Mom leaned back from her hay bale.
      "What are you telling her about?"
      "Jerusalem Slim."
     "Oh, Lord," she said. "This would be a night for him."
     We'd just made him up that minute and Mom played along like nobody's business!
     "Have you seen him?" Yuriko asked.
     "How lovely," said Vicky. "Yuri, listen to this."
     We were coming up to the first carollers, three guys and a little girl singing God Rest Ye Merry Gentlemen, which sounded a bit freaky after what we'd been talking about, like the merry gentlemen had all been buried behind a hay shed or something. I flexed my toes inside my boots, it was that cold. The singing faded behind us and we came into another grove of trees. I looked up beside the horses and the light from the lantern was casting all of these shadows on the tangled branches and the clumps of snow. It made me think of Lucy in The Lion, the Witch and the Wardrobe. I knew my sisters would think the same thing but I hoped Yuriko would just think about Jerusalem Slim.
     "Look up there," I said. "Isn't that weird?"
     The girls all leaned forward to look. Kate and Franny didn't say anything.
     "Yuri, look what's coming up," Vicky said. "The old abandoned homestead!"
     If a person was just thinking regular Christmas thoughts like 'I wonder why anyone in the world would roast chestnuts on an open fire,' then the abandoned homestead would only be a bunch of dilapidated old buildings, but if their sisters or their Uncle Hal had been telling them about an escaped mental patient who'd been tearing out the throats of cattle or that Christmas was originally a festival celebrating child-eating corpses, then the collapsed walls and black doorways were the last thing a kid would want to see. I glanced at Yuriko. Her eyes seemed pretty big. We'd never said what Jerusalem Slim looked like, but the shadows of the branches on the snow could look like a lot of different things. She was biting her bottom lip.

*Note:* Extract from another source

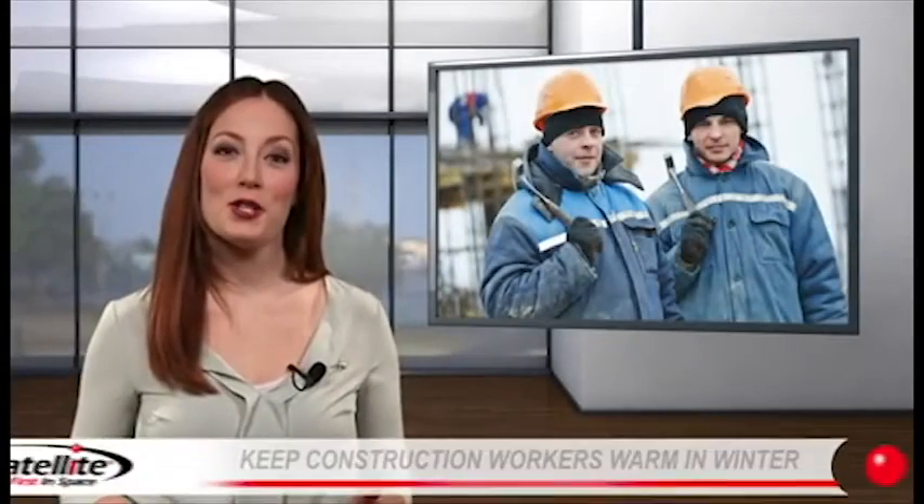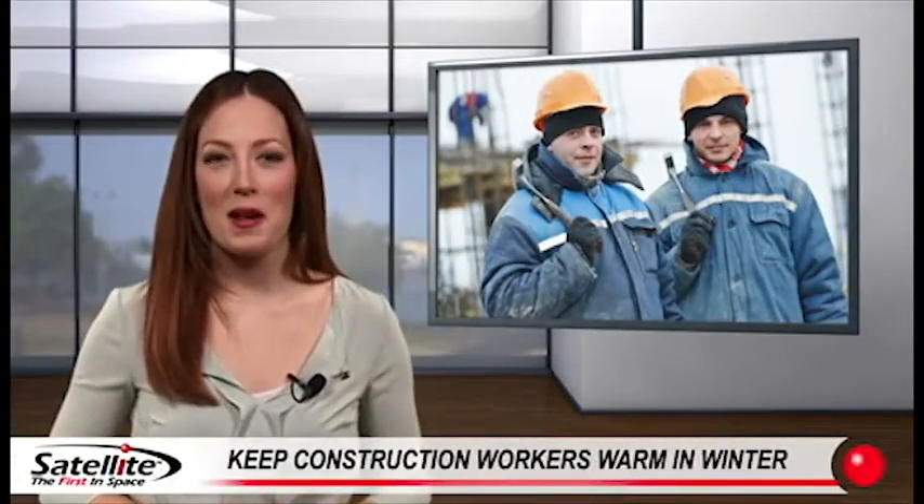Is cold weather hurting your construction business productivity? Hello and welcome to Satellite Shelters.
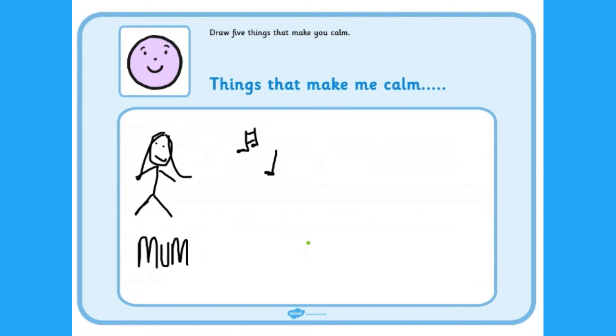Children can express their thoughts and feelings through mark making and drawing. For a full list of resources, visit our website. I hope you find these useful. See you next time!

     "Anything?" Franny asked.
     "I think I-" said Kate. And left it at that.
     We came around the bend to the nativity, all lit up with tiki torches. The three of us sang along at the top of our lungs, "The cattle are lowing, the baby awakes!" but since the hippie lady was in the middle of breastfeeding him he was most likely awake already.

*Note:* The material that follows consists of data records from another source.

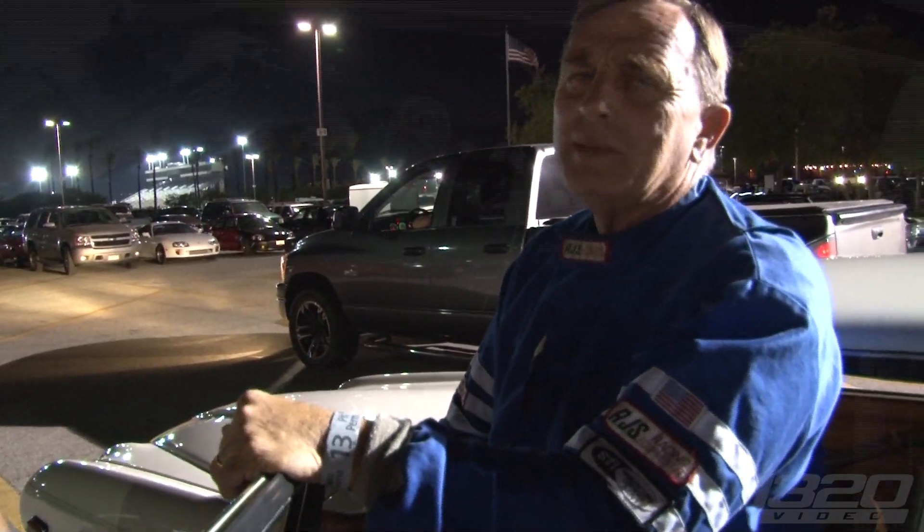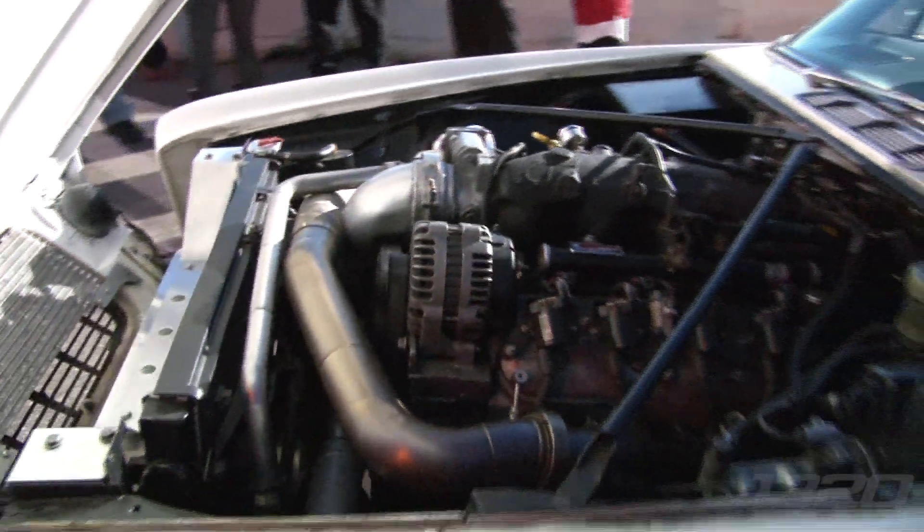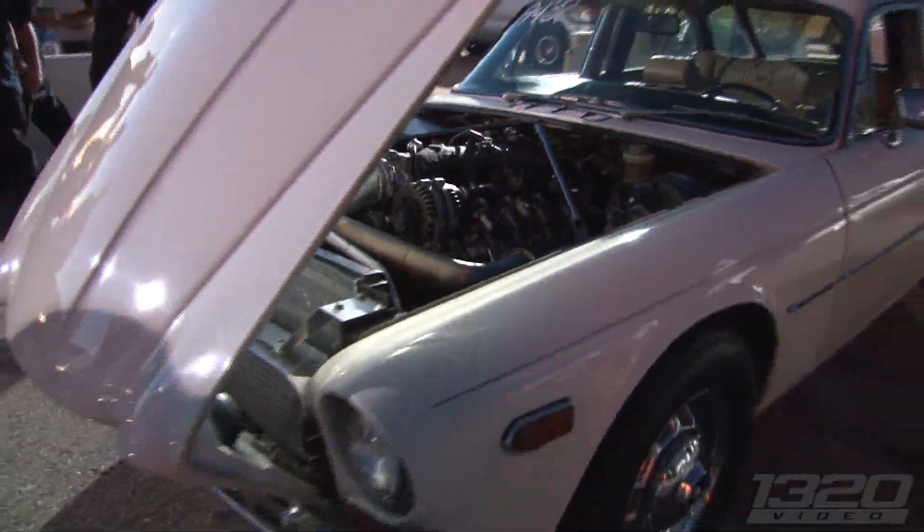What motor is that? It's an LQ9 truck block, 2003 GMC Panelli van. Is that a 6 liter? It used to be. It's stock at 364 inch, with a stroker kit it's 402 inch.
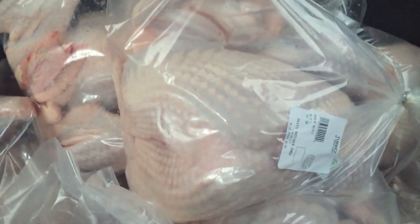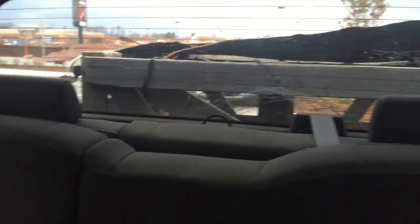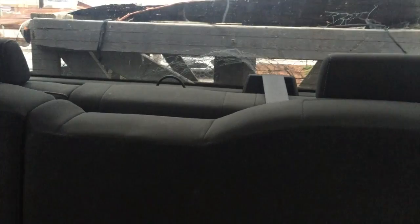I wanted to film this before A, I got frozen, and B, before it got too dark. It always ends up getting too dark before I can film it. I had bad winds all day, and all I had was that freaking flap flapping all freaking day.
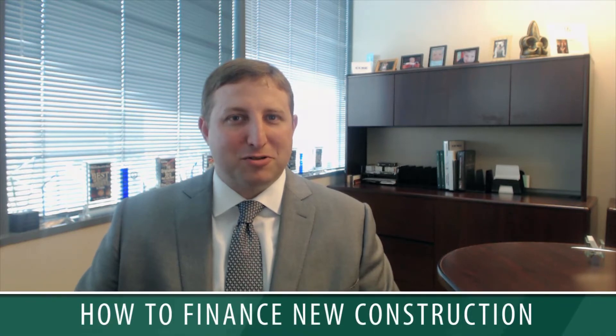Hey there, Wade Betts over at Guardian Mortgage Company. Thanks for visiting my video blog today. Today's topic is how to finance new construction.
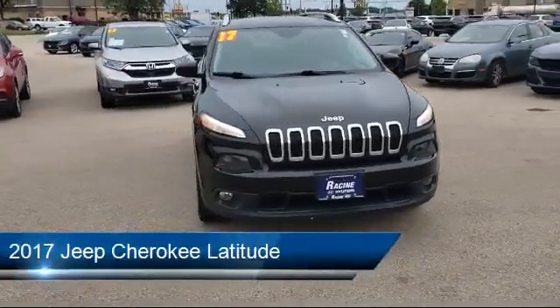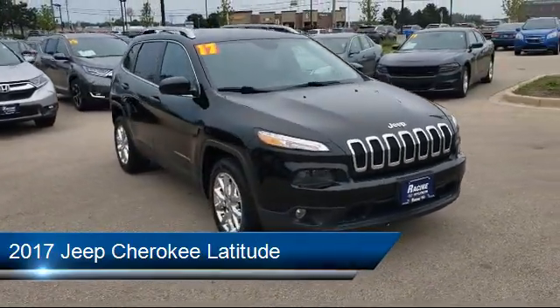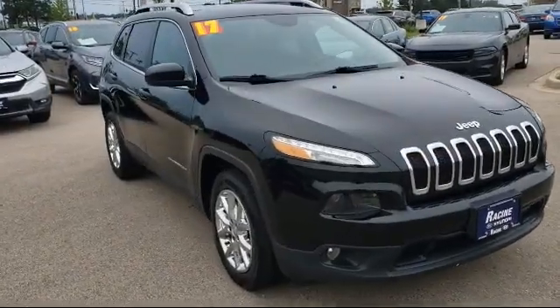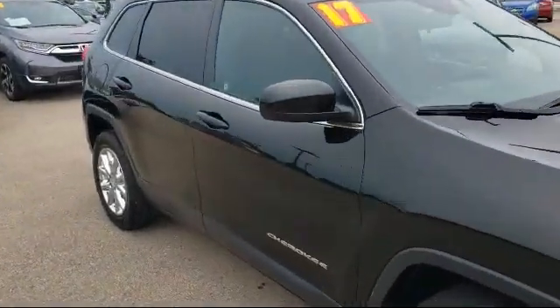and it comes equipped with Bluetooth smartphone integration, MP3 player, steering wheel controls, rear spoiler, leather-wrapped steering wheel, and keyless entry.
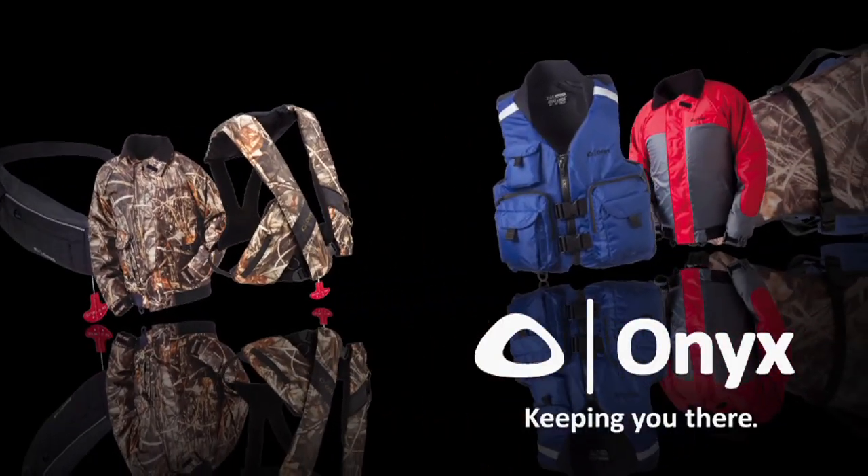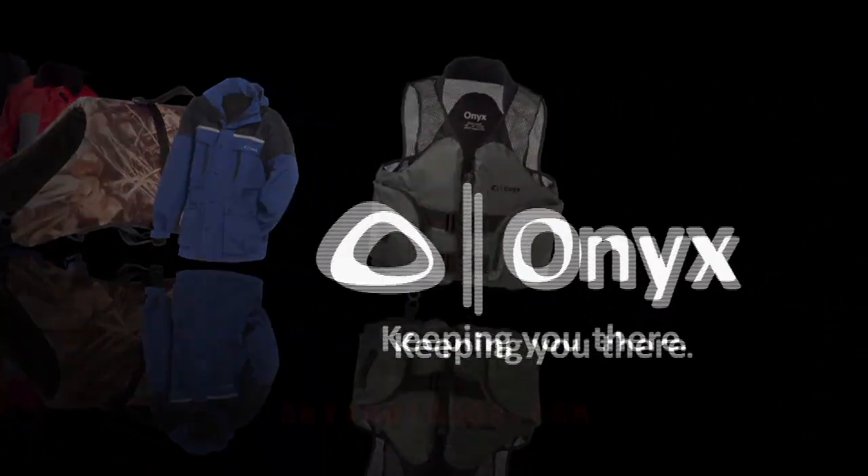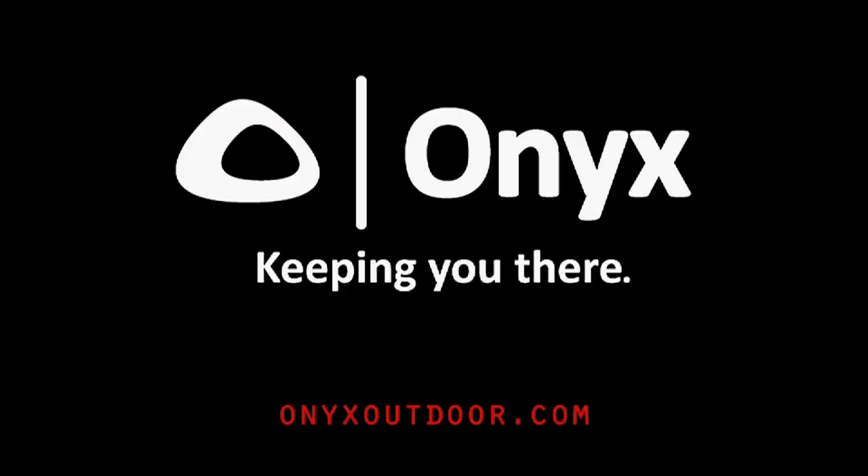See the Onyx Flotation Jacket in the full line of quality outdoor rainwear, pet vests, and flotation devices at onyxoutdoor.com. Onyx — keeping you there.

     There were two more sets of carollers after that, singing Winter Wonderland and, not surprisingly, Sleigh Ride, and after that it was the long haul back to the bonfire. We cut across a bare ridge so we could look over the moonlit valley and see the lights from all the farms scattered miles apart from each other. I was looking forward to the bonfire and hot chocolate and everything.
      "So," said Kate, "any luck with Jerusalem Slim?"
     "No." Yuriko wiped her nose with the back of her mitt. "But I was thinking - did you guys ever think how all alone he must feel, standing there watching you all go by, and you're sitting here laughing at him?"
     "Oh, Honey," Vicky said.
     "I'm just saying."
     We kept moving along, jingle, jingle, jingle.
     "They do that every year," Mom said. "If they'd wanted to exclude you, sweetheart, they wouldn't have said anything."
     "We weren't trying to be mean," said Franny.
     "It's just tradition," I said.
     The bleachers were freezing cold as usual so we clapped the hell out of our hands while we sang Rockin' Around The Christmas Tree while the guy played guitar, but none of us were as into it as we had been on other years. Yuriko clapped her hands once or twice but she spent most of the time looking back over her shoulder, and that got me thinking about old Jerusalem Slim, his bare feet breaking through the crust of the snow, feeling like he'll never be warm again, like he'll never get home. Which was quite an insight, I thought.